Under the RE Act, the public will be able to sell electricity generated from RE to utility companies such as Tenaga Nasional Bhd and Sarawak Energy Bhd at a fixed rate for a specific period.
RE/Malaysia Building Integrated Photovoltaic Technology Application (MBIPV) national project team leader and chief technical adviser Ahmad Hadri Haris said that under the RE Act, consumers can install their own renewable resources such as solar panel at home and would be a secondary income for consumers.
“Consumer producing 4KW of electricity at home will be earning more than RM400 a month. It will be a secondary income generator,” he told StarBiz at the sideline of Malakoff Corp Bhd’s 3rd Energy Expert Series yesterday.
Ahmad said consumers would also be able to offset potential tariff hike by setting up RE such as solar panels at home.
“A normal house needs 4KW while the capital required is about RM60,000. However, with FiT, consumers need to pay only 10%, or RM6,000 while the rest will be borne as a loan from a bank.
“The monthly income generated from the 4KW will be RM696 and the monthly repayment is RM456 to the bank, thus earning consumers a net cash of RM240 per month,” Ahmad said.
MBIPV is a national project under the Energy, Green Technology and Water Ministry to promote the use of photovoltaic (PV) technology to tap solar energy and generate electricity for buildings.
Ahmad said the Government was currently in the process of preparing the Act for a first reading in parliament next month.
He said two Acts would need to be passed in parliament for the RE to take off in the country. The first RE Act would focus on RE while the second act was to empower the Sustainable Energy Development Authority (Seda) which will oversee the implementation of RE.
It is part of the Government’s plan to boost renewable energy contribution to Malaysia’s electricity-generation mix from less than 1% in 2009 to around 5.5% by 2015 and to 11% of all electricity generated nationwide in 2020.
Consumers may have to be prepared to pay a little bit more for their monthly electricity bills to support the higher charges being levied on RE next year. A 1% tariff hike to cover cost associated with the FiT scheme may come into force as early as January.
Ahmad said it would be a very minimal impact given that 1% of a RM100 electricity bill would cost RM1. He said some 56% of the nation would not be impacted as they consume less than 200kwh a month.
“Cost of FiT is about 1% incorporated into the electricity tariff for high consumption only (more than 200kwh a month).
“Also 1% is only 0.31 sen/kwh, so it is almost unnoticeable. In return, consumers can generate income from FiT,” Ahmad said.

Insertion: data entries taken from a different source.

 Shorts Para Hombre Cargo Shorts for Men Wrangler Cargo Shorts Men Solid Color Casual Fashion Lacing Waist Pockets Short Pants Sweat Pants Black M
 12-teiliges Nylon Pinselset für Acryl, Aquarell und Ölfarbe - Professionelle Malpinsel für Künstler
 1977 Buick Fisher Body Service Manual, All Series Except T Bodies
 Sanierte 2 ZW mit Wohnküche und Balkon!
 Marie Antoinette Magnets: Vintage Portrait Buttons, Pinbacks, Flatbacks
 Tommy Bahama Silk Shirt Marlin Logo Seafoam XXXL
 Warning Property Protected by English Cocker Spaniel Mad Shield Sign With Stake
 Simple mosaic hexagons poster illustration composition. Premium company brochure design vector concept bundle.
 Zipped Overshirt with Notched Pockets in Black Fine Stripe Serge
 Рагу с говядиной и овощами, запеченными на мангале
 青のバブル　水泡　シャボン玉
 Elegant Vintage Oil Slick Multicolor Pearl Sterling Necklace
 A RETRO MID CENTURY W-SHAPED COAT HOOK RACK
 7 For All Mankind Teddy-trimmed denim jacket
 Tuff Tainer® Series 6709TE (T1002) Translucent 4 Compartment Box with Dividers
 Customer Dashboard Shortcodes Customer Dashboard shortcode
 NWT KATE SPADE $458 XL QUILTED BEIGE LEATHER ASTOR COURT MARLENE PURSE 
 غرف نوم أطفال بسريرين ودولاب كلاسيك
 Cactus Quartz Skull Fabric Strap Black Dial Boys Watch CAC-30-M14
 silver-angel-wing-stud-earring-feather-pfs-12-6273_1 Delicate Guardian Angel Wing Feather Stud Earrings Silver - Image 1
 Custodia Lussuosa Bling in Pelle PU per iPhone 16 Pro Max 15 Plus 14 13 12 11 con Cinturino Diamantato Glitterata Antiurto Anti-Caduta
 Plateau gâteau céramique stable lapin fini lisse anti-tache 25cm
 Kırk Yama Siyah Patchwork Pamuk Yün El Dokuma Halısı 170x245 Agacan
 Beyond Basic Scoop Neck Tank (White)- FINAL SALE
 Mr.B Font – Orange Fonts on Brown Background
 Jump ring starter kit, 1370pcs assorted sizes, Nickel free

“FiT is not a subsidy. It is a market support mechanism. It provides an opportunity for all to generate income from producing RE at home,” Ahmad said.
He said the Government would educate the public with an awareness campaign so that consumers can understand the FiT scheme.
The Government has set a target for 2,080 MW or 11% of all electricity generated nationwide in 2020 to be sourced from environment-friendly RE. Currently, less than 1% of the total electricity is generated from RE. In the short term, the Government has set a target of 5.5% of electricity to be generated by RE by 2015.
International FiT expert and independent energy policy consultant and researcher at the Environmental Policy Research Centre of Freie Universitat, Berlin, David Jacobs believes the short-term target of 5.5% is definitely achieveable. He said, however, Malaysia should have a more ambitious long-term target.
“With Malaysia targeting to achieve 25% of total usage of renewable energy by 2050, other countries would be in the 60%-70% range by then.”
Jacobs, who is attached to Universiti Tenaga Nasional’s Institute of Energy Policy and Research for six weeks under the Brain Gain Malaysia programme, said electricity tariffs for FiT should be increased by 2% to 5% instead of 1%. He said the Government’s plan to build a nuclear plant by 2020 under the Economic Transformation Programme (ETP) was not cost effective.
According to the ETP handbook, building the twin-unit nuclear plant would require an investment of RM21.3bil up to 2020.
Jacobs said past trends indicated that the total investment cost needed to build a nuclear plant would be twice the cost allocated initially. “The nuclear power plant in Finland was planned with an expected cost of 2.5 billion euros, but the final cost escalated to 5.0 billion euros,” he said.
“Authorities should conduct more economic viability analysis before starting the nuclear plant project. It would make more sense to extend the RE fund for development in that sector,” he said.